Он по-новому, считает Чехов, проник в содержание не «Ревизора» только, а дальше: в содержание того мира образов, в который проникал и сам Гоголь. И это вызвало у Мейерхольда желание показать в одном спектакле все, что он увидел в необъятном мире гоголевских образов. «Ревизор» от этого стал расти, вышел из рамок, и в него бурным потоком хлынули и «Мертвые души», и «Женитьба», и «Нос», «Коляска», ужасы «Вия», смех и слезы «Шинели». Новое содержание, новая форма спектакля родились и сложились при этом сами собой.
Чехов много размышлял, пытаясь проникнуть в природу творчества Мейерхольда. И пришел к выводу, что Всеволод Эмильевич, как многие большие и настоящие художники, родился со своей идеей. Потом всю жизнь эту идею выражал в разных формах, снова и снова освещая ее с различных сторон. И поскольку был он не мыслитель, а художник, то видел ее не иначе, как в образах. А образы Мейерхольда, по восприятию Михаила Чехова, — подчас темные, страшные, иногда даже похожие на кошмар.
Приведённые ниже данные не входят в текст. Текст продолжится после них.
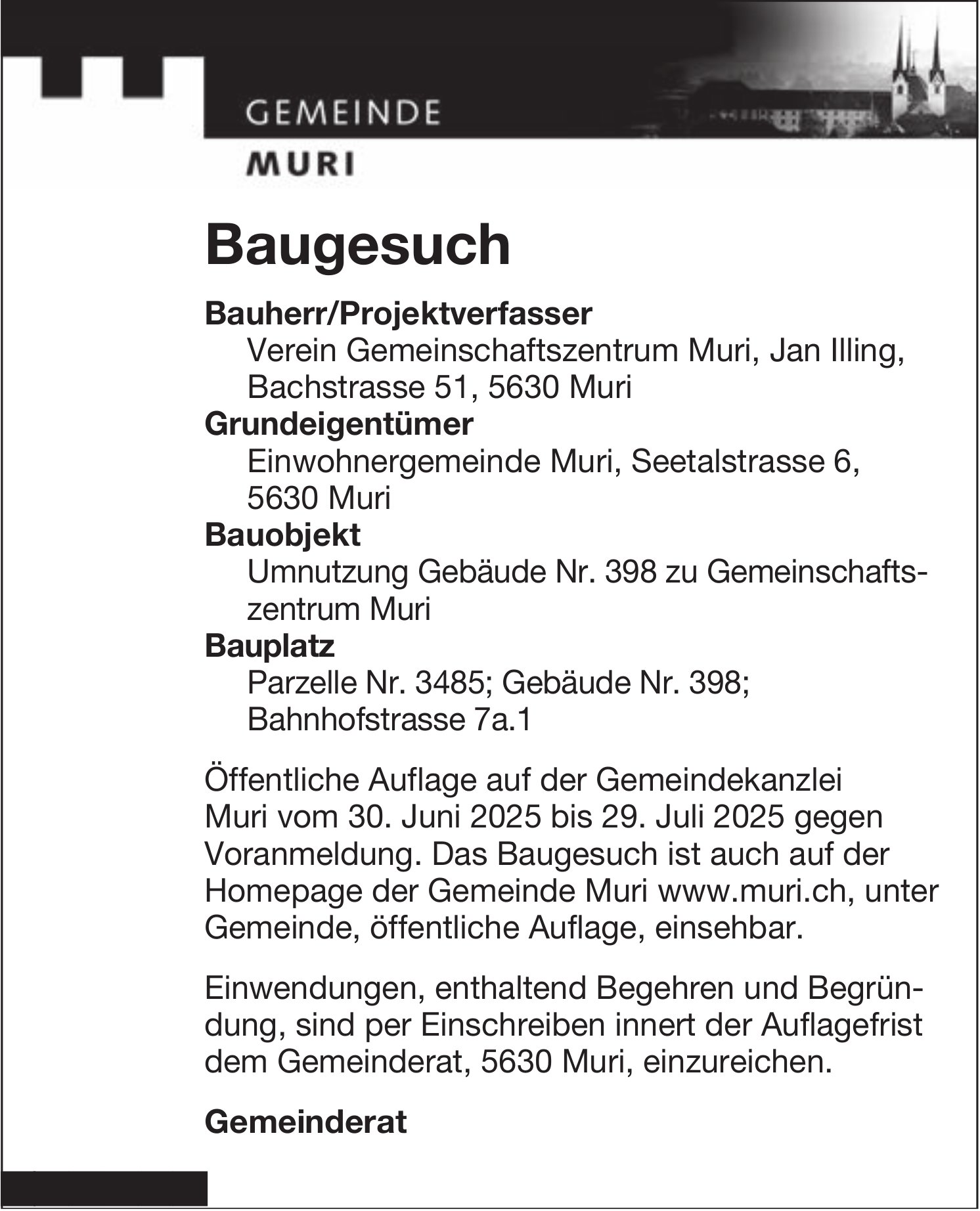Baugesuche, Muri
«Почему? — спрашивает Михаил Александрович, и отвечает: — Потому что Мейерхольд «видел чертей».
Не надо искать в этом высказывании какой-то мистики. Ее тут нет и в помине. В этом убеждаешься, прослеживая его мысль дальше.
Чехов анализирует персонажи мейерхбльдовских постановок. И, в частности, Хлестакова «в черных очках, обезумевшего от собственной лжи, потерявшего чувство времени» (как будто он будет лгать вечно — что выражено медленным темпом монолога). Хлестакова, «потерявшего образ человеческий» (одна нога поднята в воздух — выше головы). Хлестакова, «распространяющего мрак» (затемненная сцена). Чехов пристально всматривается и раздумывает над изображенными Мейерхольдом гоголевскими «рожами» и «кувшинными рылами», зачарованными ложью, подавленными авторитетом «чиновника из Петербурга». И ему становится до конца понятна идея, руководившая Всеволодом Эмильевичем и помогавшая раскрыть «ядовитую, каторжную мерзость» прошлого. Идея, помогавшая режиссеру проникнуть в «под-подсознание» героев пьесы.
И в «Горе от ума» Грибоедова, убежден Чехов, Мейерхольд смог увидеть сплетников-шептунов за длинным-длинным столом, которому нет и не будет конца, пока не погибнет человек — жертва шепота (Чацкий). Смог услышать выстрелы «злые, опасные, там, где в повседневности, на поверхности человек (персонаж пьесы) вежливо улыбается или будто невинно мечтает о чем-то». Видел Мейерхольд насквозь и офицеришку николаевской формации, «бледного, ничтожного, захудалого, в голубом светлом мундирчике». Офицеришка бродит по сцене молча, без смысла, без цели, пустой. И вокруг него пустота. Его не видит никто из участников пьесы.
«Что же? — спрашивает Чехов. — Значит, офицеришка — пустое место в спектакле?..» — «Да, — отвечает он по размышлении, — пустое место. Но не в спектакле, а в человеке».
Тут, по мысли Михаила Александровича, «идея» пустоты и бесцельности, воображенная, уплотненная Мейерхольдом до степени кошмарной реальности.
И еще многое умел увидеть Всеволод Эмильевич, что проходило мимо других режиссерских глаз. А потом выводил на сцену фигуры героев из папье-маше во весь рост. «Ходит грешник по земле, как и все мы, а внутри носит труп, окостенелый, холодный».
Вот это и есть те «черти», которых он видел.